What am I worrying about? I must seem very self-conscious. My friend R--- is not like this at all. She has total assurance. But she's a year ahead of me. Remember, it's not yet three years since I began to take any steps on the transition road, and hardly more than two since I started on hormones. The hair removal programme hasn't been going for two years yet. Nor have I had any facial surgery. I'm relying mainly on my voice and a confident manner to get me by.
The trouble is, I am dreadfully hard to convince. Despite assurances, I see only a thinly-disguised male face in the mirror, even though I will agree that from the neck down all is indeed rather female. In fact one nice girl at the barbie said to me that she envied my legs, which shook me, as only a few months ago I'd thought them of questionable shapeliness. As I've said before, it's so difficult to see yourself as others see you.
I so enjoyed relaxing and having a drink and chatting away without a care. I got to know a couple of people a bit better than the last time I was in Yelden. I'm always looking to make new friends, and every occasion like this seems to throw one or two possible friends into the ring.
But next day I couldn't help thinking about old friends, lost friends. I'm not always upbeat about the irreversible changes that transition brings about. Not when I think of the people who have vanished from my life.
It has struck me that the last big pre-transition social event I attended was on 1 June 2008. It was the 80th birthday of one of M---'s uncles, a big family get-together at a posh golf club in Surrey. I was there as M---'s partner of many, many years. I enjoyed the whole thing. I have always been sociable. But within two months my appearance had begun to change - the clothes a bit odd; the hair a bit different. I was trying to be deliberately androgenous, and not at all like the old familiar me that everyone had been so at ease with. A little earlier in 2008, M--- and I had holidayed in Cornwall. This is me on 20 May 2008, in a pub at Marhamchurch, a pleasant village just outside Bude:
And here is me at that golf club do, less than two weeks after:
I felt bulky and overweight, and as vaguely uncomfortable with myself as ever, but the point I'm making with these shots is that to everyone else I appeared completely normal, and nobody could possibly have guessed what was about to happen.
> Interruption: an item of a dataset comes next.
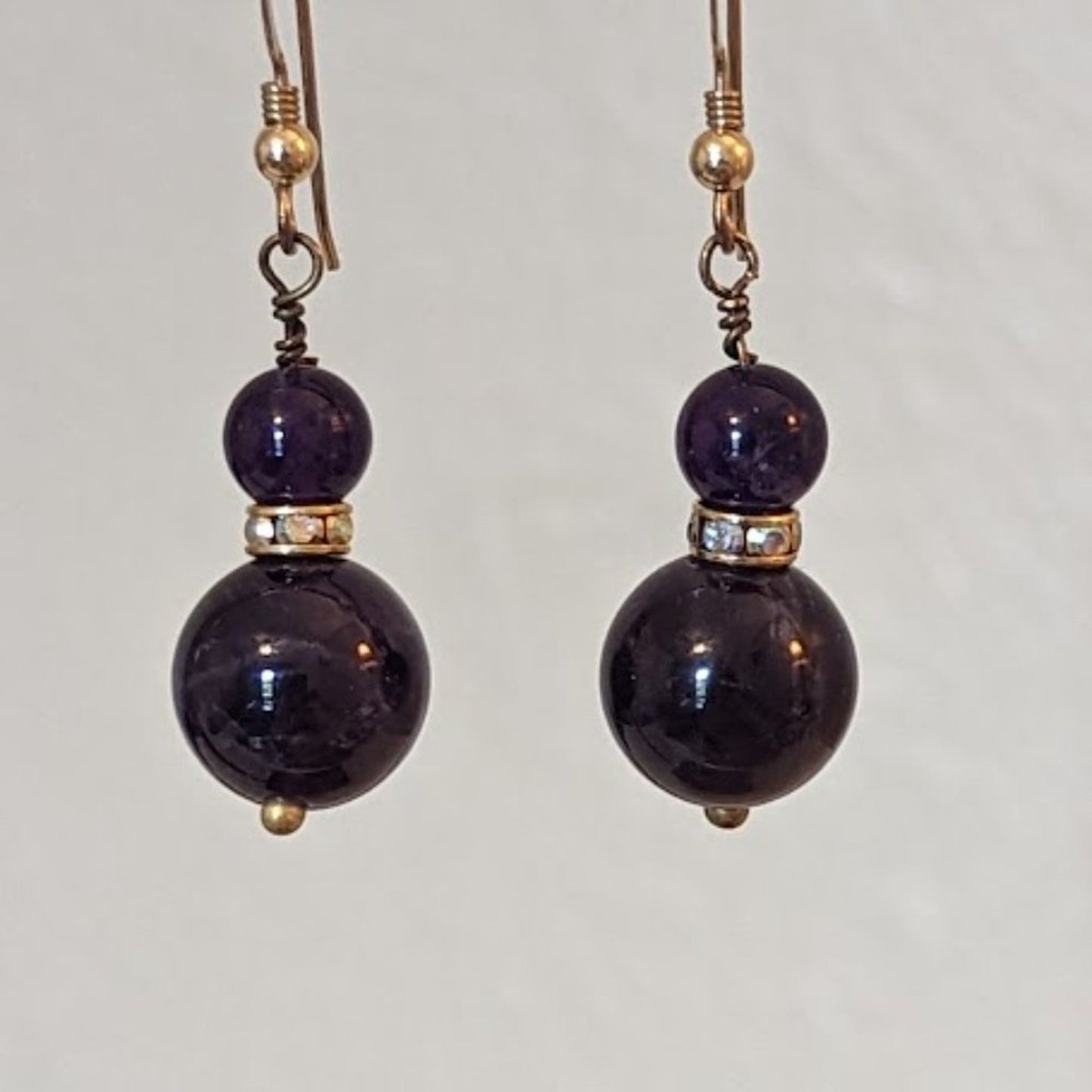 Amethyst Stone and AB Rondelle Beaded Earrings on French Hook Wire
That's why it was such a jolt to everyone. And the sad thing is that I liked everyone there, and they seemed to like me, and this is how it had been for years past. But once transition began, I saw only one of these people again, in December 2008. And I never saw them after that. An entire swathe of people wiped away from my life. It left me very isolated. Frankly, it was sudden and extreme social deprivation. I was left with only M--- and my two parents to talk to - in a strained, tense atmosphere, because none of them were supportive.
I suppose the friendly faces at that 2008 golf club family celebration might not recognise the modern me who was chatting away in Bedfordshire yesterday afternoon. Here I am:
The 'five-months-pregnant' look wasn't quite as pronounced as it looks! The camera has exaggerated all the sticky-out bits. But even I don't see much of a physical connection between the guy in the pub and the girl in the mirror.
There is absolutely no going back, however much some might wish it. It's a one-way journey. I'm happy about that, but I know that many are not. What's to be done? I don't think anything can be.